Thank you, Mr. Chair.
As per your committee order of reference related to vote 1 under the Office of the Parliamentary Budget Officer's main estimates for 2018-19, I am glad to report that our estimates have been considered by the Speaker of the Senate and the Speaker of the House of Commons, who conducted their thorough due diligence. Following that, the PBO's CFO and DCFO—Sloane Mask—exercised oversight attesting to our budget requirements. As per parliamentary procedure, our budget has been referred to your committee for final approval.
The PBO's budget totals $7.6 million, including a total voted budgetary requirement of $7 million, as well as a statutory budget component of $600,000 to fund the employee benefits program.
The budgetary request for the PBO's first full financial cycle as an independent entity supports the fulfillment of Parliament’s desire for transparent, timely, and credible electoral platform costing, in addition to funding non-recurring transition expenses to establish the office in accordance with Bill C-44. The request can be detailed as follows: a transferred appropriation from the Library of Parliament of $2.6 million for direct operating costs; $1.5 million to enhance economic, analytical, and administrative capacity; and $2.9 million for professional service and transition requirements.
For the current year, the $7 million is because of the transition to a new structure—outside the Library of Parliament—through the requirement to establish service agreements and the anticipated increase in requests from parliamentarians and parliamentary committees because of changes to our mandate.
For the next fiscal year, which also corresponds to a general election year, the amount requested will be $7 million as well, but this time mainly because of the statutory obligation to assess the cost of election platforms. Subsequently, the annual budget of the Office of the Parliamentary Budget Officer (PBO), will decline once again to $6.5 million a year. It will be constant during the first three years of the new, or the next Parliament.
As per the PBO's legislative mandate to provide impartial, independent analysis to help parliamentarians fulfill their constitutional role, which consists of holding government accountable, we published last week a report on the 2018-19 main estimates, which support the second appropriation bill for the current fiscal year. It follows the 2018-19 interim estimates, which was tabled in Parliament on February 12, 2018.
The government's expenditure plan and main estimates for 2018-19 outline $276 billion in total budgetary spending authorities.

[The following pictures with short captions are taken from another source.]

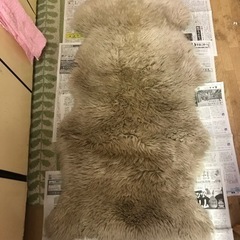 ふわふわ！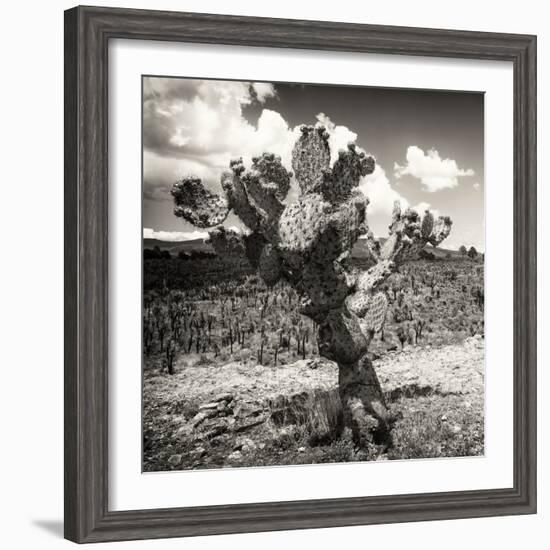 ¡Viva Mexico! Square Collection - Cactus Desert-Philippe Hugonnard-Framed Premium Photographic Print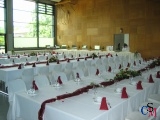 Bild1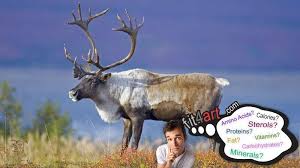 caribou meat nutritional value and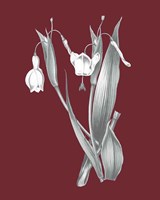 Pomegranate Botanical II Framed Print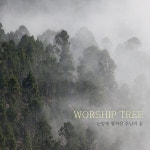 눈앞에 펼쳐진 주님의 숲 / 워십트리 (WorshipTree) - genie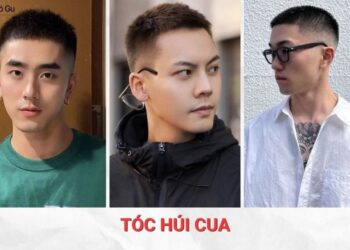 tóc húi cua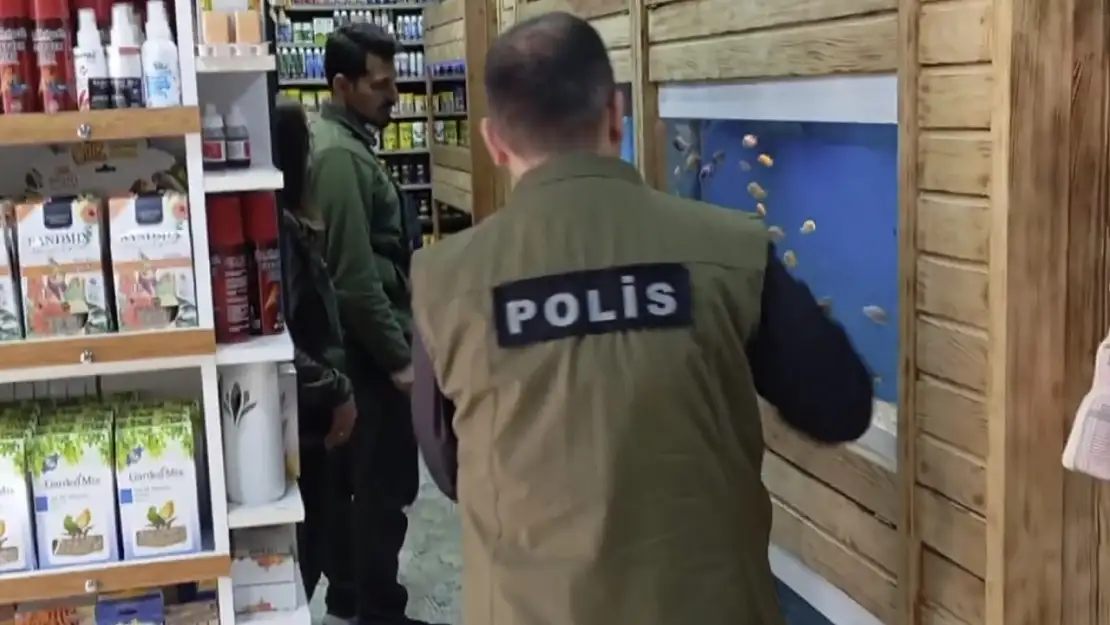Van'da Petshop denetimlerinde kaçak hayvanlara el konuldu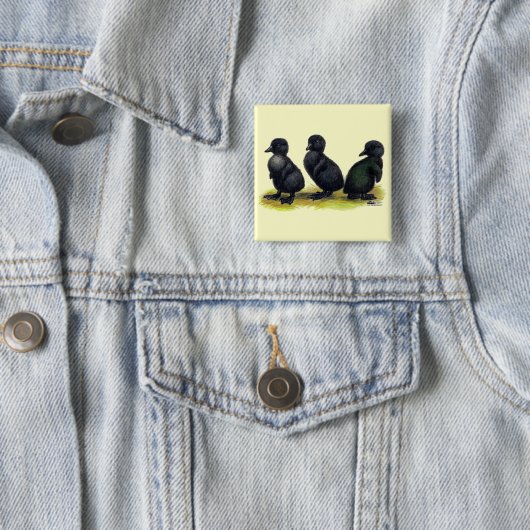 カユガの幼鳥 缶バッジ (インサイチュ)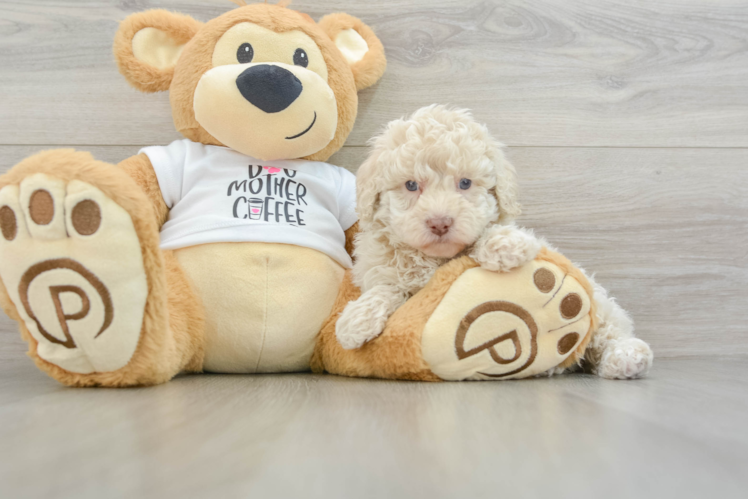 Friendly Poodle Baby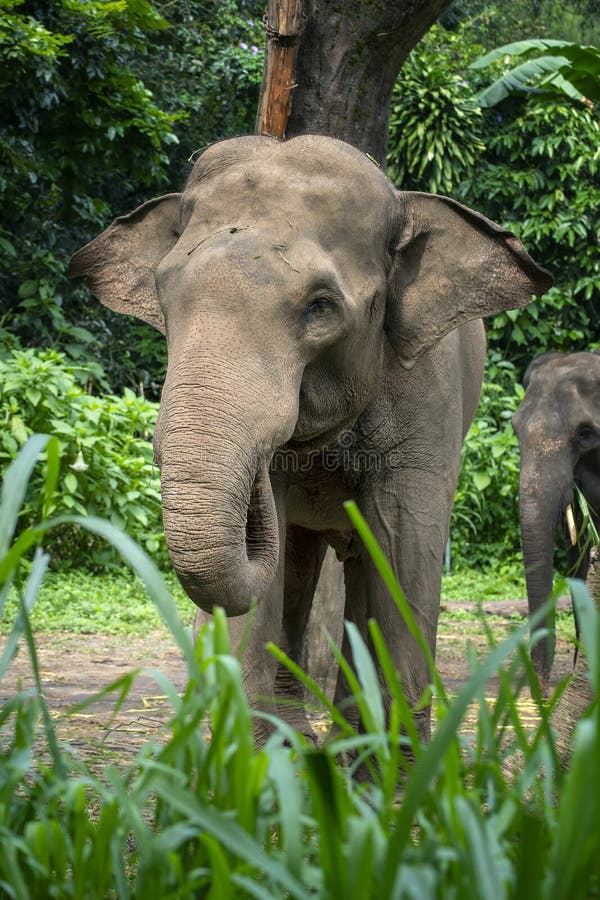 L'éléphant de Sumatra dans la forêt photographie stock L'éléphant de Sumatra dans la forêt photographie stock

This represents an increase of approximately $18.1 billion compared to the total budgetary authorities identified last year, in 2017-18.
Statutory budgetary authorities are projected to be $163 billion in 2018-19, which is an increase of $7.2 billion compared to the total estimated statutory spending in 2017-18. Seniors' benefits and the Canada health transfer are two of the largest contributors to this increase, and are set to rise by $2.6 billion and $1.4 billion, respectively.
The federal organizations with the largest increase in their total budgetary authorities from the main estimates 2017-18 are the Treasury Board of Canada Secretariat, with $7.1 billion; Finance, with $3.8 billion; Employment and Social Development Canada, with $3.5 billion; National Defence, with $1.7 billion; and Immigration, Refugees and Citizenship Canada, with $709 million.
Finally, Mr. Chair, in November 2016, the PBO applauded the government's objective to enhance Parliament's role in upfront financial scrutiny. More recently, in our May 1 report, we said that the changes reflect an effort on the part of the government to improve alignment between the budget and the estimates. However, full reform requires that alignment to be accompanied by an alignment with parliamentary procedure, which means providing clear, specific, and transparent information to members in the object of the vote itself, which we haven't seen and therefore reported.
We welcome the statement of the President of the Treasury Board, who said that he would now correct the situation by including the table in the vote for the supply bill.
Thank you, Mr. Chair. We will be happy to answer your questions.